For employees, adjusting to the formal decor of 2101 L Street hasn’t been easy. The USGBC might want to project an image of sober-minded maturity, but around the cubicles, even 30 is old. The USGBC and Shaw Jelveh worked to inject some personality into the place, arranging variegated images of LEED projects in a conference room; elsewhere, a world map pinpoints the organization’s chapters. But the quote wall is perhaps the most faithful barometer of office culture. Submitted by the council’s 196 employees, the quotes are taken from Jesus Christ (“Whatever thy hand findest to do, do it with all thy heart”) and his secular equivalent (“‘Do, or do not. There is no try.’ —Yoda”). They are from the author of The Green Collar Economy (“It’s time to stop borrowing and start building …”) and the mouth of a sworn enemy (“‘The job is ours and the job must be done. If not by us, who? If not now, when?’” —Ronald Reagan”). There are seven from Mahatma Gandhi; six from Frank Lloyd Wright; five each from Barack Obama, Ralph Waldo Emerson, and E. E. Cummings; four from John Muir; and three from Dr. Seuss. Other offices have mountain retreats and trust falls. The USGBC has its quote wall. “We are all in the gutter, but some of us are looking at the stars,” goes one quote from Oscar Wilde, caught in a rare instance of sounding more like Sacheen Littlefeather.

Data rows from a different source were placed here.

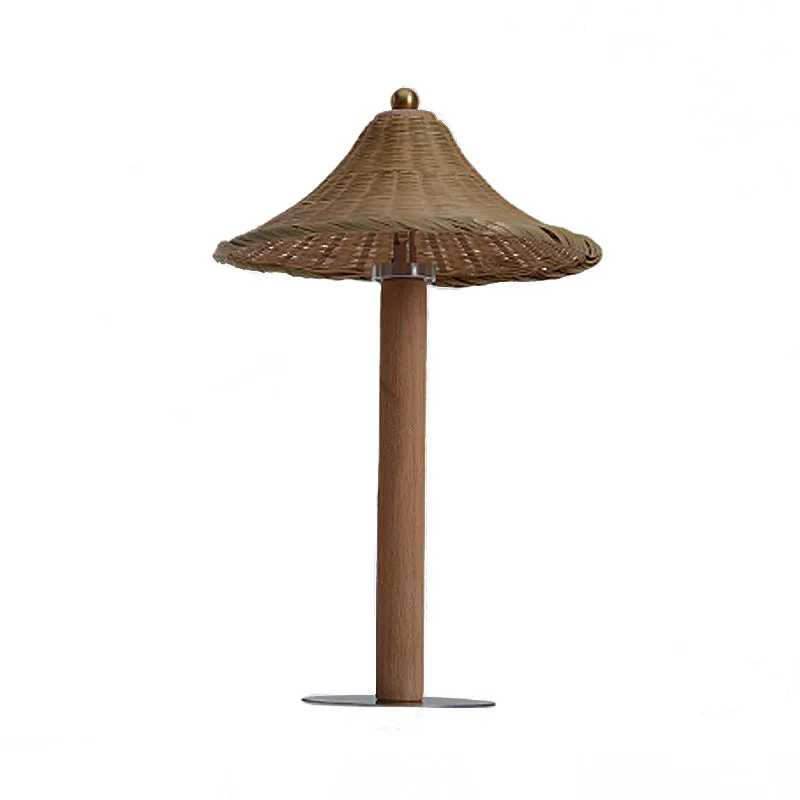 1 tête de chambre à coucher, éclairage de travail, petite lampe de bureau en bois chinois avec abat-jour en bambou en form...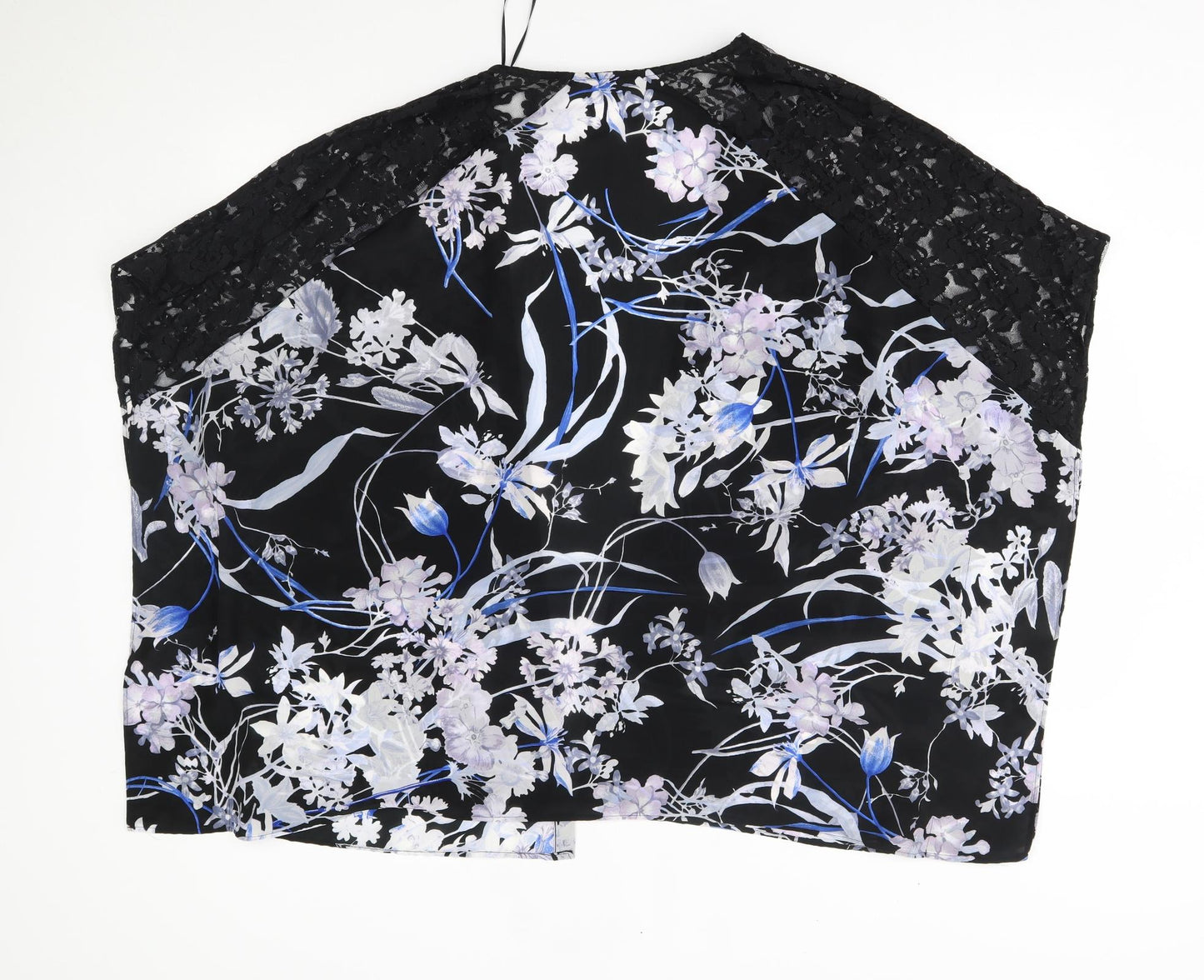 Papaya Womens Black Floral  Cape Jumper Size 16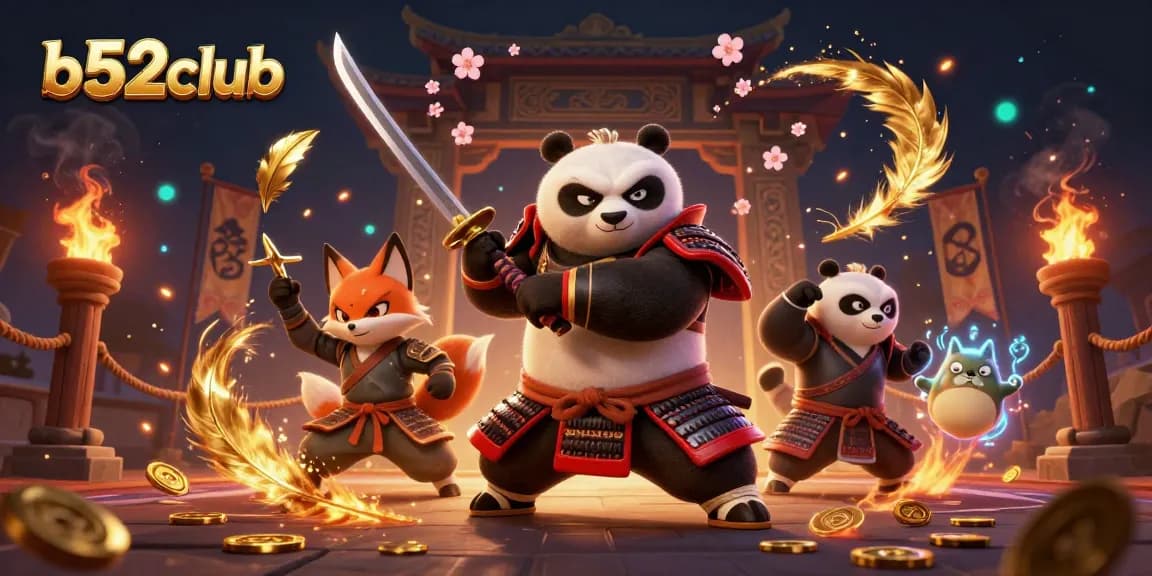 The b52club promotional illustration showcases a samurai panda, ninja fox, and floating tanuki in a vibrant gambling arena.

Which prompts the question: Does a corporate look suit an organization whose employees find inspiration in Van Jones? Or is that disconnect precisely the point? As much as the aesthetic seems to belie the institution’s character, it’s in lockstep with its mission—to spread green building far and wide. Corporations are among the last frontiers and, by dint of their size, the ideal candidates to usher in change. With its new office, the USGBC is turning itself into a billboard for the idea that green business practices extend beyond a few recycling bins and a company-sponsored Earth Day picnic; they penetrate all corners of office life, from carpeting and desk lamps to the very process by which the space is designed. Efficiency and collaboration are the new watchwords, ideas that both green activists and corporate suits can embrace. “We’re putting together technologies that are already in existence but have never been quite assembled in this way,” Wilson says. “We’re not a hundred percent sure how everything is going to turn out, but we want to be able to tell this story to all kinds of people.” The lesson is right there on the wall: “To move the world, we must first move ourselves.”